In so doing, “Look Our Cleveland” stands out in a song cycle that, as with the Band’s 1968 debut, often focused on pastoral tales. Instead, this track finds songwriter Robbie Robertson and Co. working with a decidedly urban color palette. This is more city blues than Appalachian moan, making for a blast furnace of nervous energy.

“Look Out Cleveland” begins with a bordello-shaking piano figure from Richard Manuel and the kind of bloody-knuckled Robertson riff that powered a thousand jaw-dropping nights as the Band made their bones on the chitlin circuit with Hawkins, and then stormed around the world pissing off folkies alongside Dylan.

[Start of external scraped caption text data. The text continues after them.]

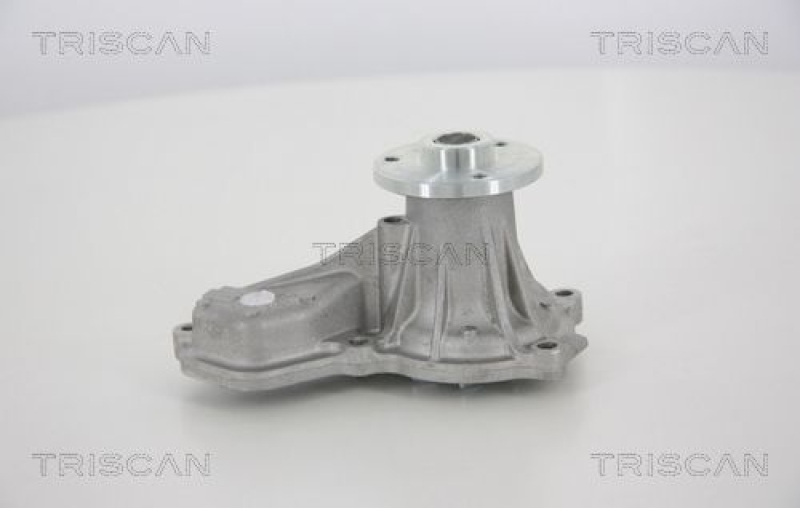 TRISCAN 8600 40013 Wasserpumpe für Honda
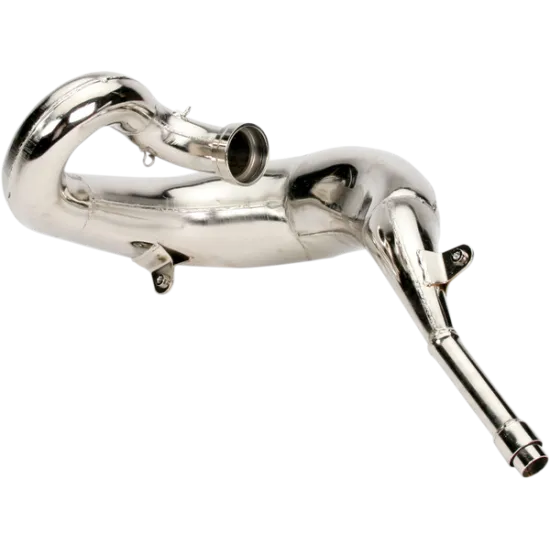 Гайда FMF FAT PIPE YZ250 93-94 - Генерации за мотор от марка FMF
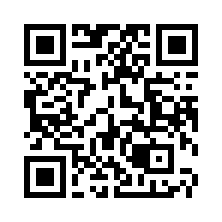 QR Code for 1JZSnR2khTtQa6U3C5XvGZmdbpVECX6dsY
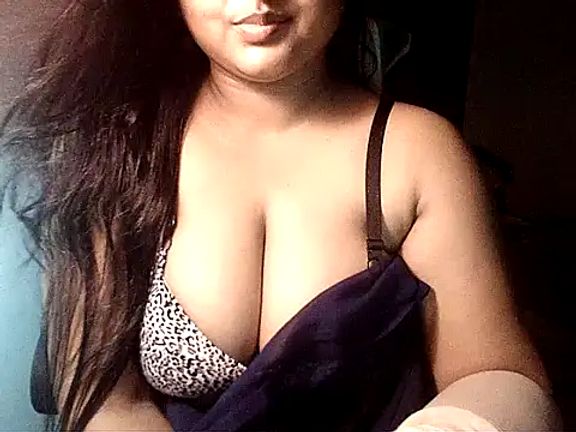 bhojpuribasanti1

Levon Helm’s stomping backbeat, as carnal and full of life as any he’d unleash, sets the stage for a stop-start musical narrative that seems to have had no small amount of influence on “Take Me To the Pilot,” Elton John’s b-side cut for the 1970 hit single “Your Song.” Helm shares the mic at first, before Rick Danko takes center stage for one of his most energetic early Band vocals.

Garth Hudson arrives at the very last moment, unleashing a funnel cloud of keyboard energy as the song’s rising storm seems to have descended all around. Then, like the sudden downpour that it no doubt was, “Look Out Cleveland” simply vanishes — with nothing more than an echoing thunderclap remaining.